→ Task objective
In the material below, find the span from the line with "다이소 규조토 발매트 리바인 소프트 매트 다이소" to the line with "Orman zemin dokusu" and transcribe only those lines, exactly, ends included, without the pictures.
══ Data for the task
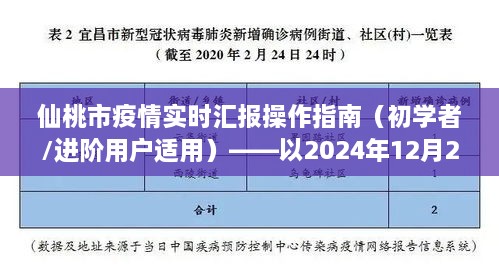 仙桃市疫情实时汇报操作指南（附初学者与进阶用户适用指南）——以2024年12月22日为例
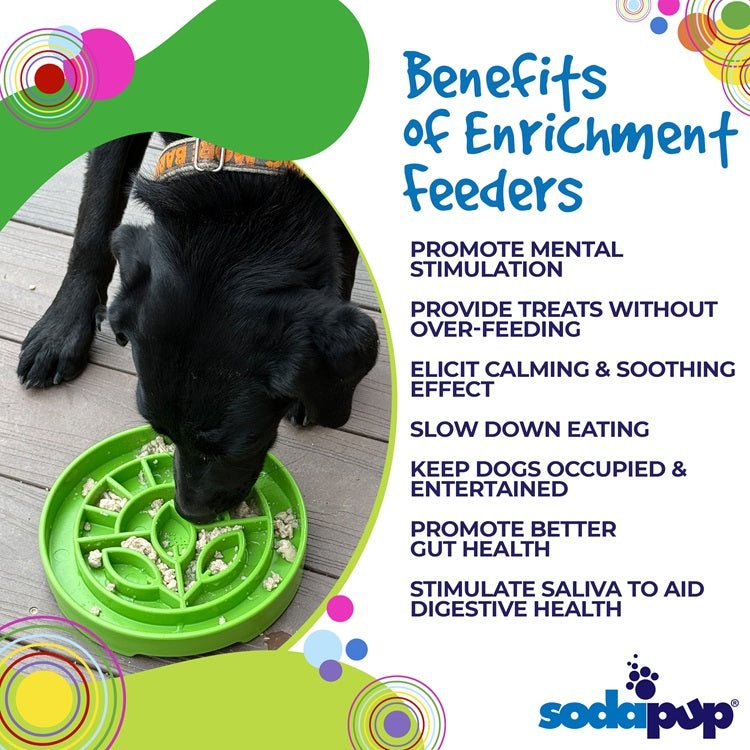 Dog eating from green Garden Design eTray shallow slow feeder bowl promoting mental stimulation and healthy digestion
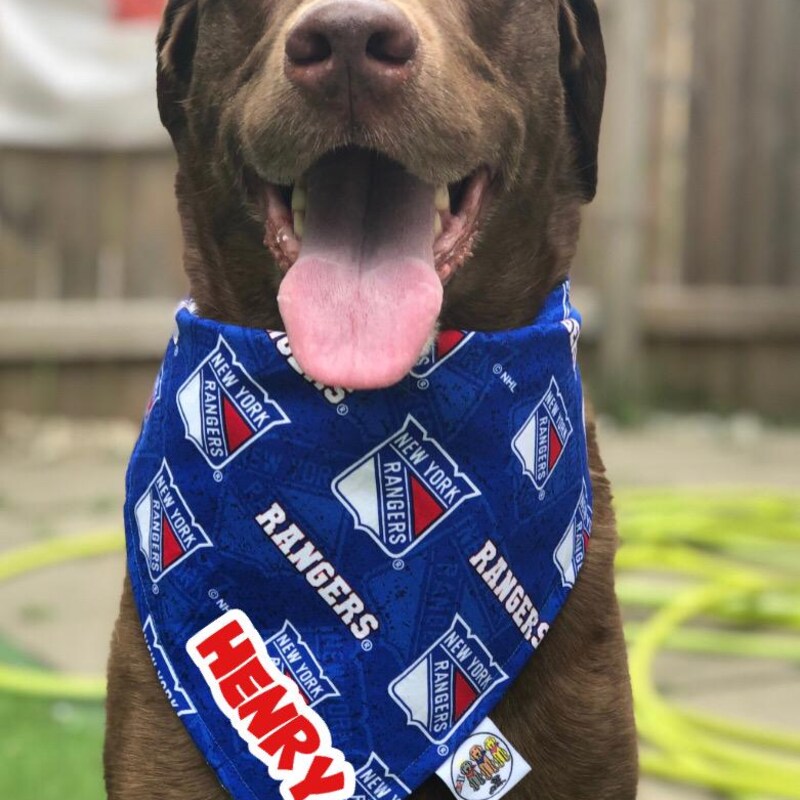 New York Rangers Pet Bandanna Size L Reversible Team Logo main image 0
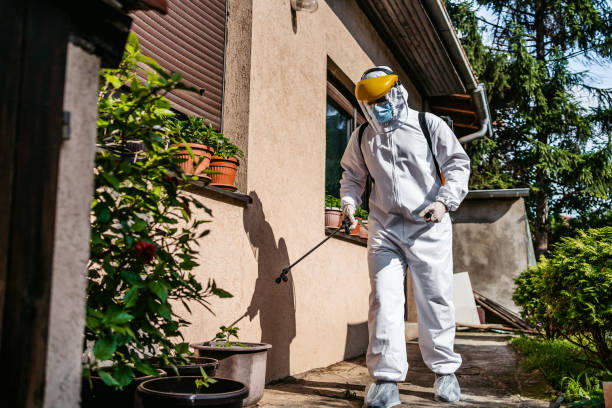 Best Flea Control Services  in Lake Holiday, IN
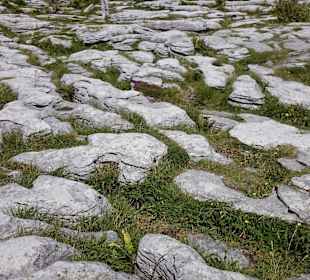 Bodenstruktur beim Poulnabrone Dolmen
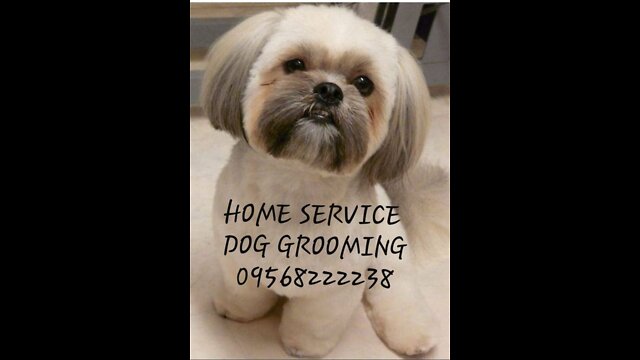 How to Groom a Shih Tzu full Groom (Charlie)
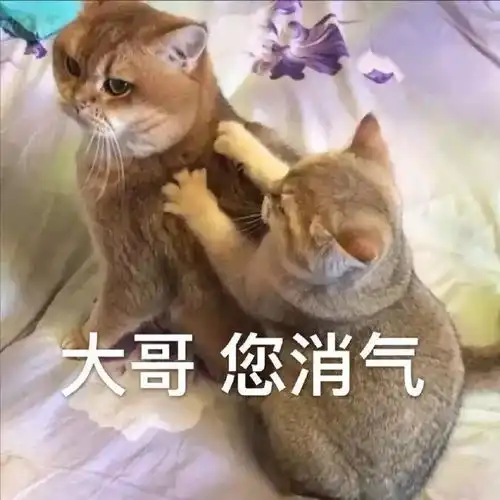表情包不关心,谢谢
════
══ Data for the task
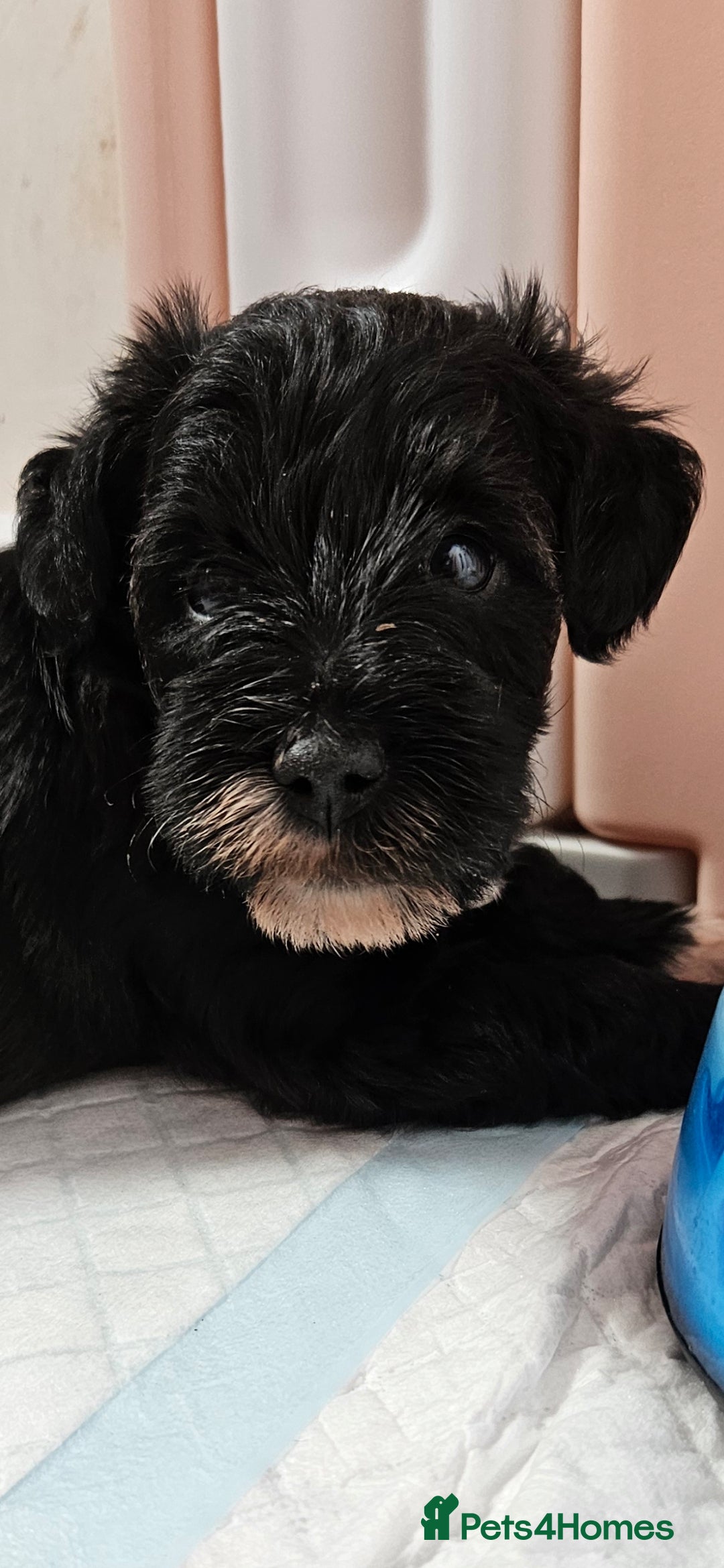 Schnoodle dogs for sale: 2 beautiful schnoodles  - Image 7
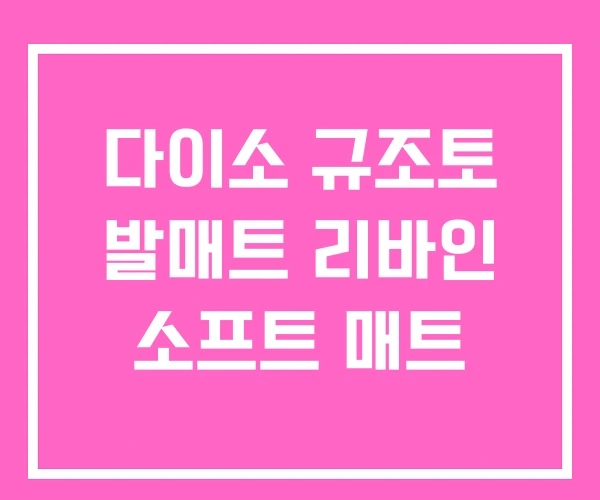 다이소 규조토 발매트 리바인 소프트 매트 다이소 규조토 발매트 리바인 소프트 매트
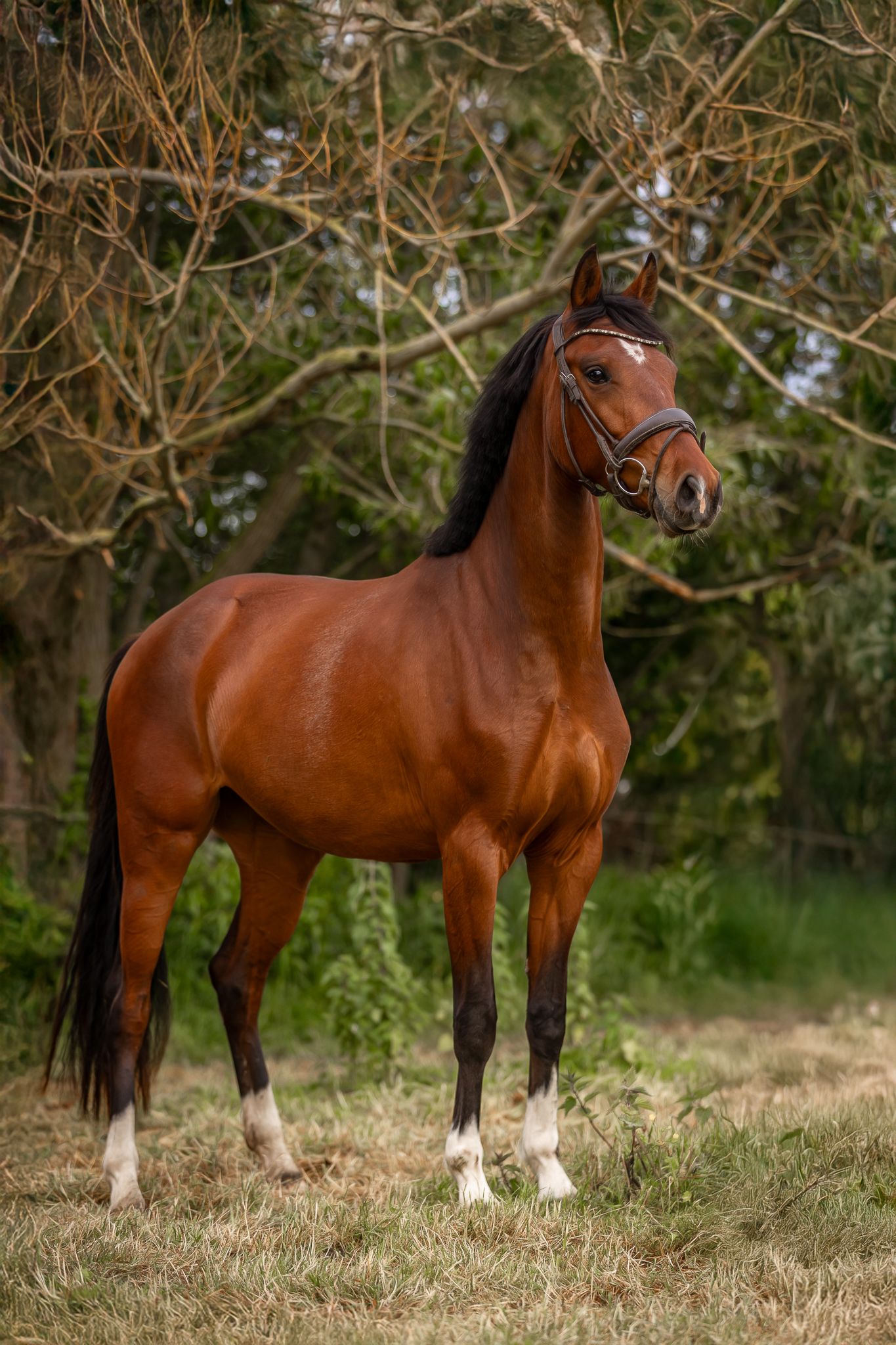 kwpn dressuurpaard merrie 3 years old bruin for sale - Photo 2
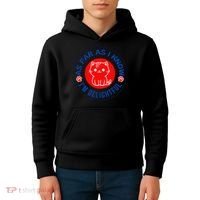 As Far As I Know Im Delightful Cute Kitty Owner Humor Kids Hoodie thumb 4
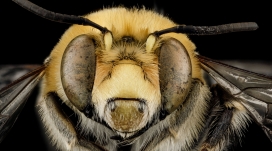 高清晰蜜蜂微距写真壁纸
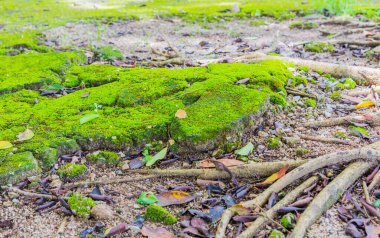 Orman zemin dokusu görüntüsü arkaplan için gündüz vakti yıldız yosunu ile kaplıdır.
════
→ Finished exercise
 다이소 규조토 발매트 리바인 소프트 매트 다이소 규조토 발매트 리바인 소프트 매트
 kwpn dressuurpaard merrie 3 years old bruin for sale - Photo 2
 As Far As I Know Im Delightful Cute Kitty Owner Humor Kids Hoodie thumb 4
 高清晰蜜蜂微距写真壁纸
 Orman zemin dokusu görüntüsü arkaplan için gündüz vakti yıldız yosunu ile kaplıdır.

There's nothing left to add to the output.